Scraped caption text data
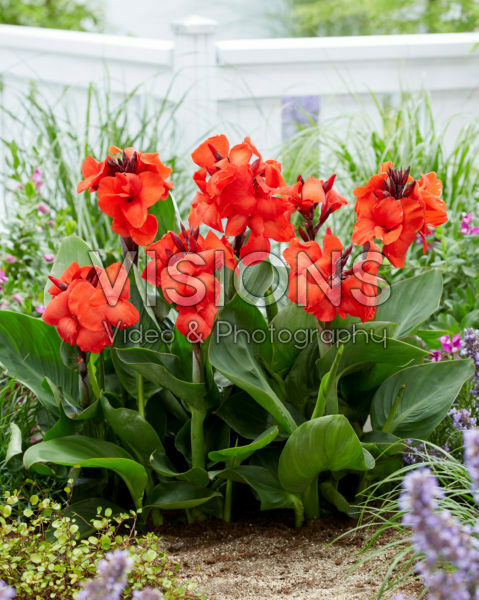 Canna CannaSol® Happy Carmen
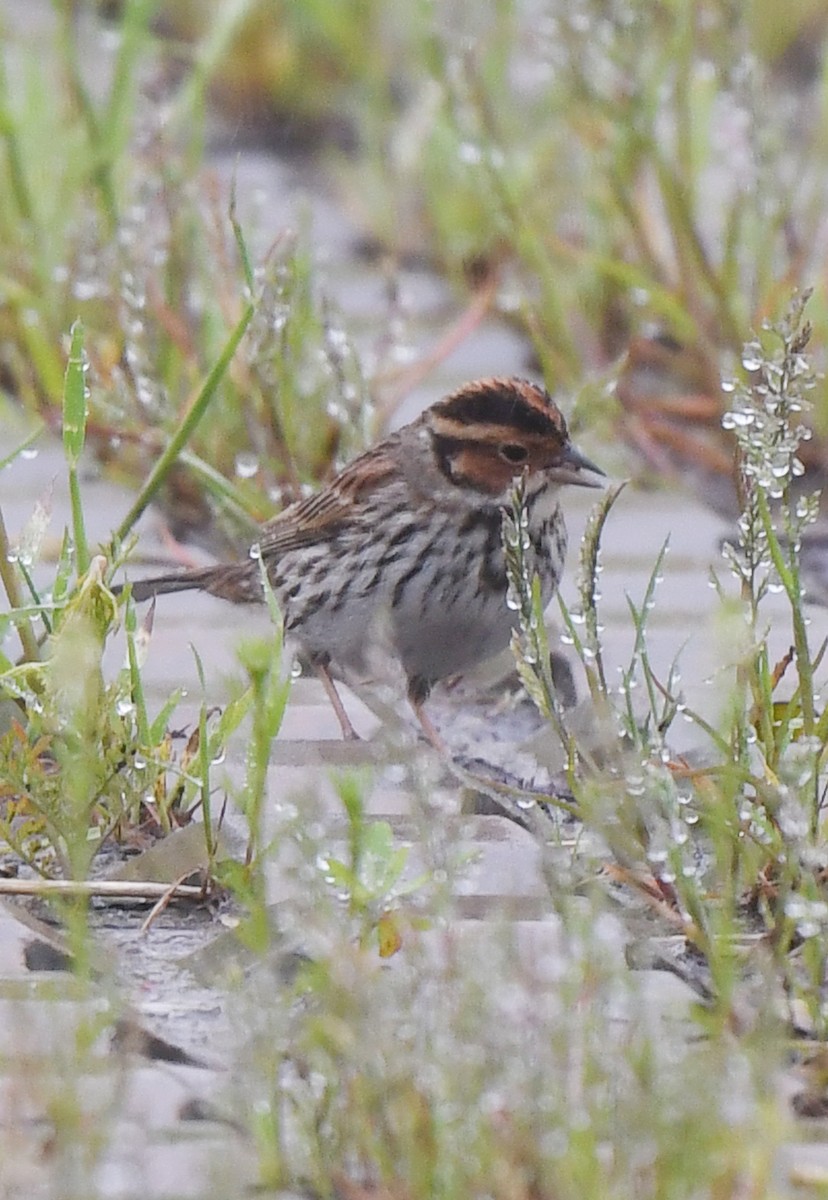 Little Bunting - ML617595529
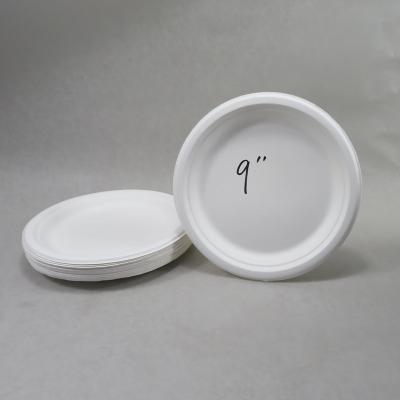 China Green Party Factory Disposable Biodegradable Dishes for sale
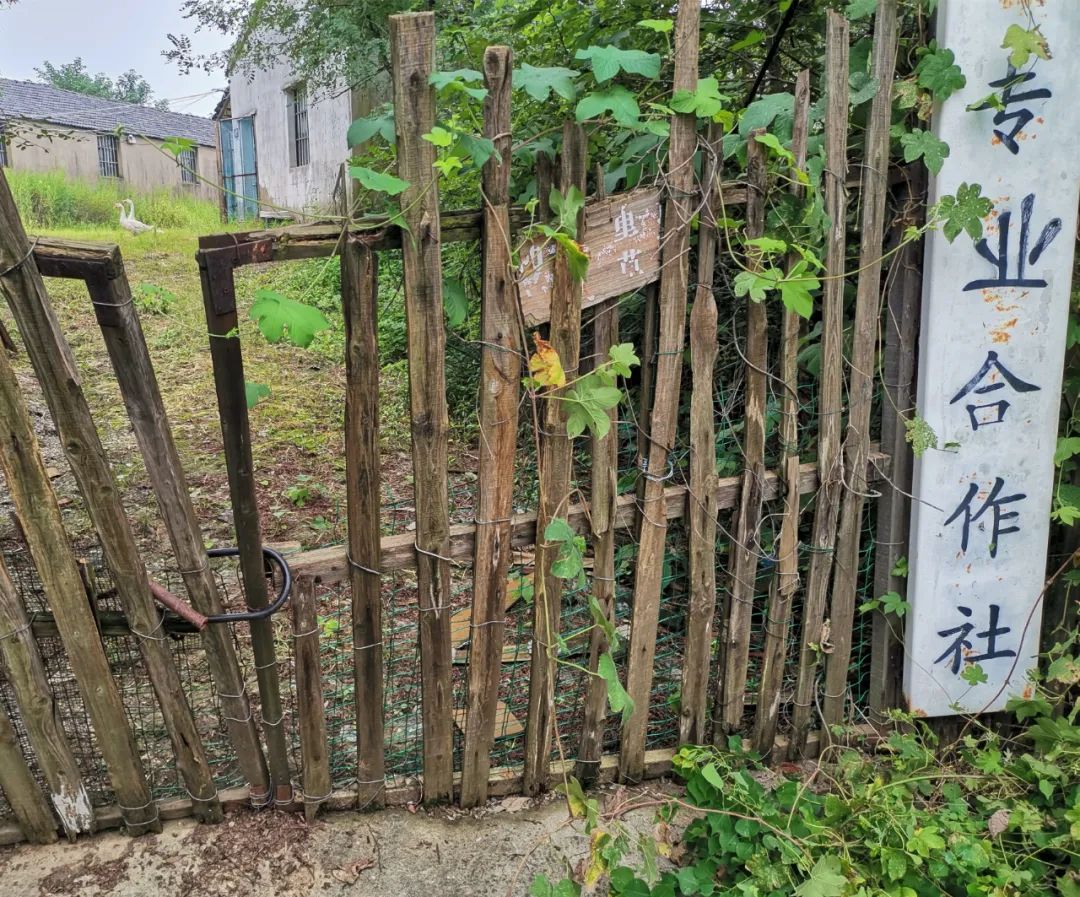 建筑行业成虚开重灾区，警惕苗木发票风险！附 3.8 亿虚开案例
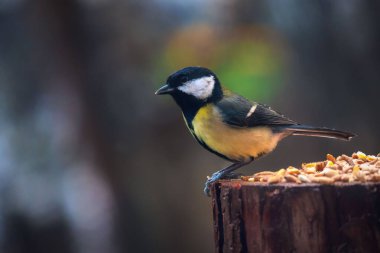 bir dal üzerinde oturan büyük baştankara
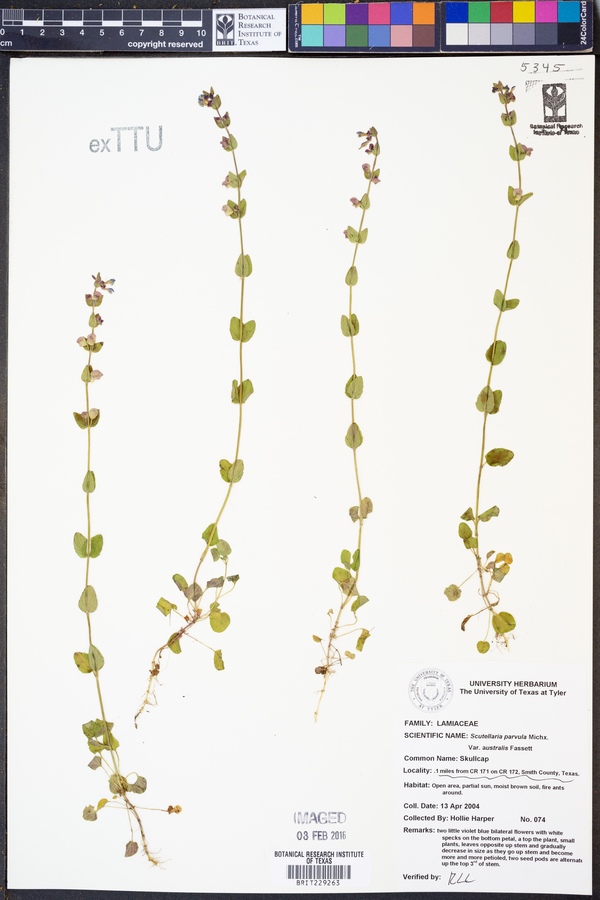 Scutellaria parvula var. australis image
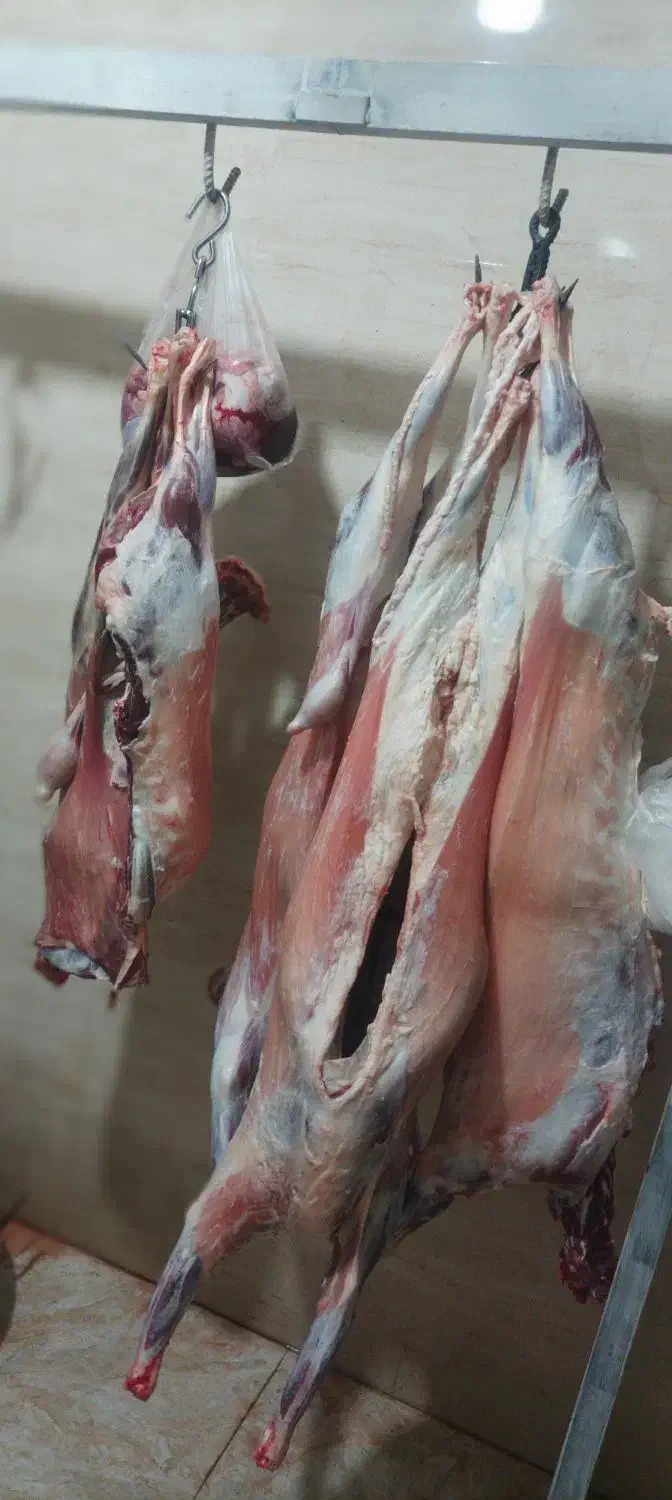 قصابیگوسفندی650|خوردنی و آشامیدنی|مریوان, |دیوار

Task brief: The expected output is each record, copied exactly, and nothing in place of the pictures.

Result below:
 Canna CannaSol® Happy Carmen
 Little Bunting - ML617595529
 China Green Party Factory Disposable Biodegradable Dishes for sale
 建筑行业成虚开重灾区，警惕苗木发票风险！附 3.8 亿虚开案例
 bir dal üzerinde oturan büyük baştankara
 Scutellaria parvula var. australis image
 قصابیگوسفندی650|خوردنی و آشامیدنی|مریوان, |دیوار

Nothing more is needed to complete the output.